At least since Plato's Republic offered the allegory of the cave, philosophers (and others) have pondered the questions of whether and if so, how, we can know that the world we perceive through our sense data corresponds with the world as it exists. (Rorty's Philosophy and the Mirror of Nature argues that the very question is misguided, but there is an obvious common sense to the question, so I shall simply put aside his argument.) In one version of the puzzle, the question is framed thus: How do you know that you are not simply a brain in a vat, with neurochemical events inside your brain creating a simulation of an external world very different from your actual, vat-like, surroundings? In a typical version of this scenario, an evil genius has put you in this position, but the supposition that the genius is evil seems to me to beg some important questions about what our preferences should be for authentic experiences and what counts as an authentic experience.

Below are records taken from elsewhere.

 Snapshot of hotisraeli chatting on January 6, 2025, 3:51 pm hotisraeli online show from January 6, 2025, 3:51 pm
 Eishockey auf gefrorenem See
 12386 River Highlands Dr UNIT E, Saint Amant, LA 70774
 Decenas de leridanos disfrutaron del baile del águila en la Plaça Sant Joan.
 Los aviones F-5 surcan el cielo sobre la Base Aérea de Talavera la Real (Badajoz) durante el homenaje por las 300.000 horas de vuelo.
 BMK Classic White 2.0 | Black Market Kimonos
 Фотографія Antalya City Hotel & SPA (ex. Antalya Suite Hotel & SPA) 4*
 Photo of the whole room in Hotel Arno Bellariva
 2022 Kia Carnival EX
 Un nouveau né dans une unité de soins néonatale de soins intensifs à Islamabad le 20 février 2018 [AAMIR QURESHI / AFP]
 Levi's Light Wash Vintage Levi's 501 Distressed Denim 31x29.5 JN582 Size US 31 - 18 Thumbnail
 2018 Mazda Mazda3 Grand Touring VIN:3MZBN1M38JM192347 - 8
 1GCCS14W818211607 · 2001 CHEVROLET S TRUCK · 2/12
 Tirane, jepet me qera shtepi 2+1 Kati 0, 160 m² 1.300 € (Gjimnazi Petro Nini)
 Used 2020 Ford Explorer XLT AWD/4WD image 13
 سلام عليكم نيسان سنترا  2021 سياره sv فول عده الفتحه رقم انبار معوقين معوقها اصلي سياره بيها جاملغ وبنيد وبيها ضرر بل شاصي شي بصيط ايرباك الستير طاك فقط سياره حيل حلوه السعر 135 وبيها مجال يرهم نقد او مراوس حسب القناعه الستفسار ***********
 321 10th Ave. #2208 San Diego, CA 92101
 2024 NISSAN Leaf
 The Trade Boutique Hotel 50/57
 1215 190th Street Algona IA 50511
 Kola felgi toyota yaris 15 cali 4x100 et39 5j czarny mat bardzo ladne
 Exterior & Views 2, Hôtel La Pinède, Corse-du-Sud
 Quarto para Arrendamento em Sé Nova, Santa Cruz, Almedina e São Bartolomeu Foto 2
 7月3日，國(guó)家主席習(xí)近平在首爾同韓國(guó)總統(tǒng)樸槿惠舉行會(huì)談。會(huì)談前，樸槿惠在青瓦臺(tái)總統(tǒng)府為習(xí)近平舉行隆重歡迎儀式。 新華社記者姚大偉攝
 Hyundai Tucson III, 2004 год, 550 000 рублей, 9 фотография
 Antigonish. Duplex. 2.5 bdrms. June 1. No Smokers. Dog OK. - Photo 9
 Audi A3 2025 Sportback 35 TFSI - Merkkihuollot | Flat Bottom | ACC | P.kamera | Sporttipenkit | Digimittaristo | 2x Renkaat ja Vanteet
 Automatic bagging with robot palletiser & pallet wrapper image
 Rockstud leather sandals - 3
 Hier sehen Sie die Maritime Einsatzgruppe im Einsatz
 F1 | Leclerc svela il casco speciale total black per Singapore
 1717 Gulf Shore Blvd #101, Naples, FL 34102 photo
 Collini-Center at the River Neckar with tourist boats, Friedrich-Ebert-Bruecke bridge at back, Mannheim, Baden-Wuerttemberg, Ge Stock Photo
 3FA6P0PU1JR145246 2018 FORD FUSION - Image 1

I won't quite say that the brain-in-a-vat issue is exactly raised in the Supreme Court case of Schwarzenegger v. EMA, to be argued today. But it is at least implicated.
My latest FindLaw column previews the argument, which presents two questions: 1) Whether there is a categorical exception to free speech protection for violent video games sold to children? and 2) If not, who bears the burden of proof on the question of harm to minors? I then go on to develop an inquiry that I first put forth in this blog post when cert was granted in the case: Are "actions" that occur in virtual reality--such as shooting a virtual gun--expressive at all, or should they be regulable to the same extent as actions in the real world? The core example I use in both the original blog post and in the column compares a hypothetical law banning the sale of toy guns to minors to a law banning minors from participating in virtual murders in a very realistic virtual reality.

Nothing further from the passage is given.